→ WHAT IS NEEDED
Word for word, write the lines below out again, with no pictures.

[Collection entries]
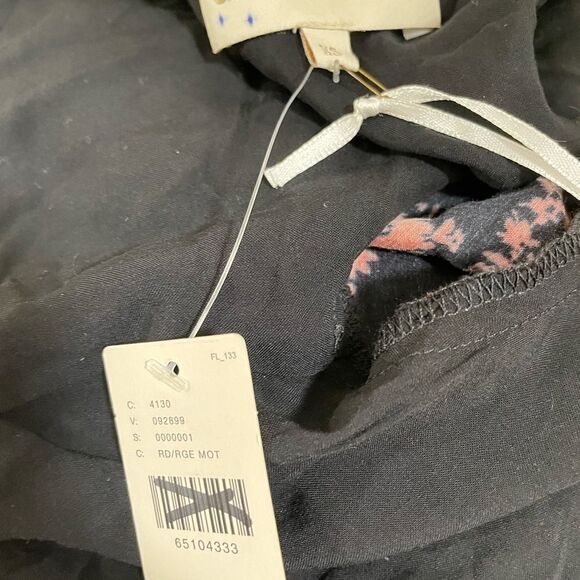 New Anthropologie Caballero Abstract Wrap Midi Dress
Retail $248
Plus XS - Picture 11 of 11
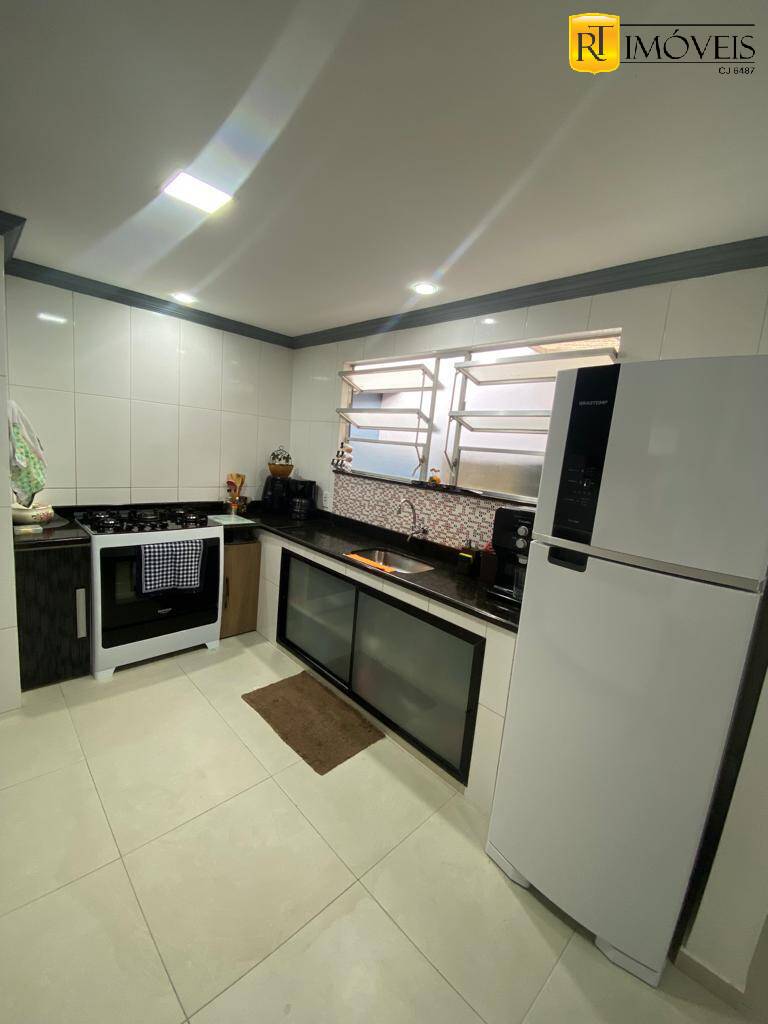 Casa à venda com 4 quartos, 324m² - Foto 8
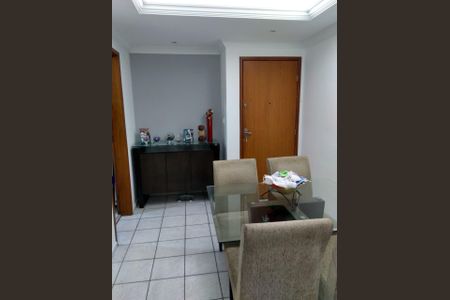 Sala de apartamento à venda com 2 quartos, 60m² em Fernão Dias, Belo Horizonte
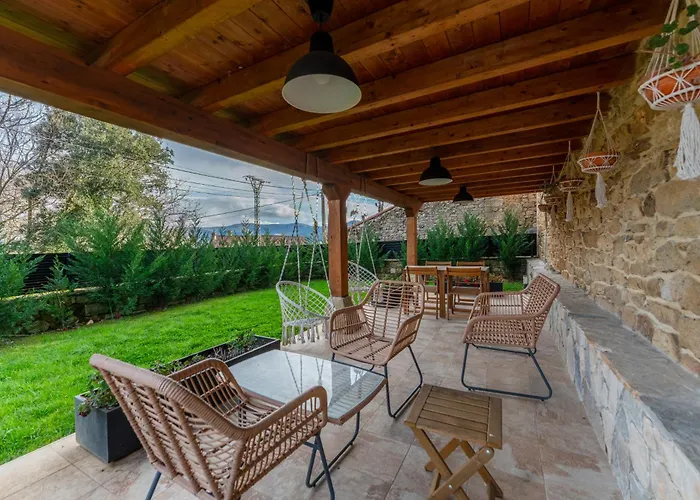 Sandonana Old Palace * Villafufre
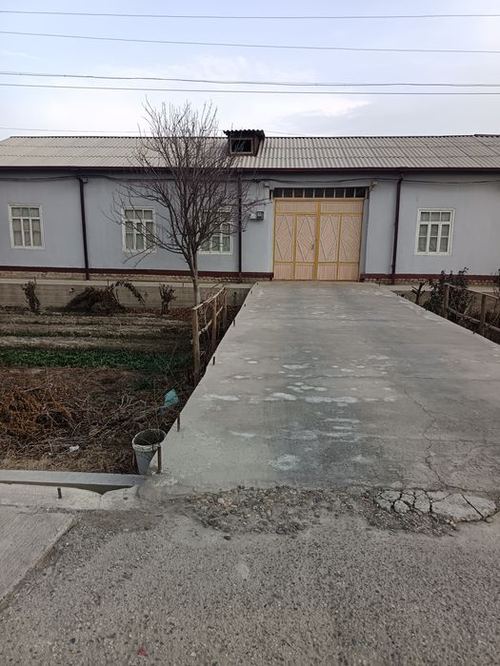 8-room house, 8 m²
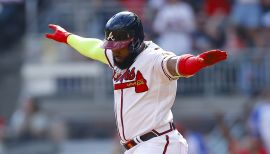 Braves' slugger Marcell Ozuna smashes THREE home runs, honors Chadwick  Boseman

→ SOLUTION TO THIS EXERCISE
 New Anthropologie Caballero Abstract Wrap Midi Dress
Retail $248
Plus XS - Picture 11 of 11
 Casa à venda com 4 quartos, 324m² - Foto 8
 Sala de apartamento à venda com 2 quartos, 60m² em Fernão Dias, Belo Horizonte
 Sandonana Old Palace * Villafufre
 8-room house, 8 m²
 Braves' slugger Marcell Ozuna smashes THREE home runs, honors Chadwick  Boseman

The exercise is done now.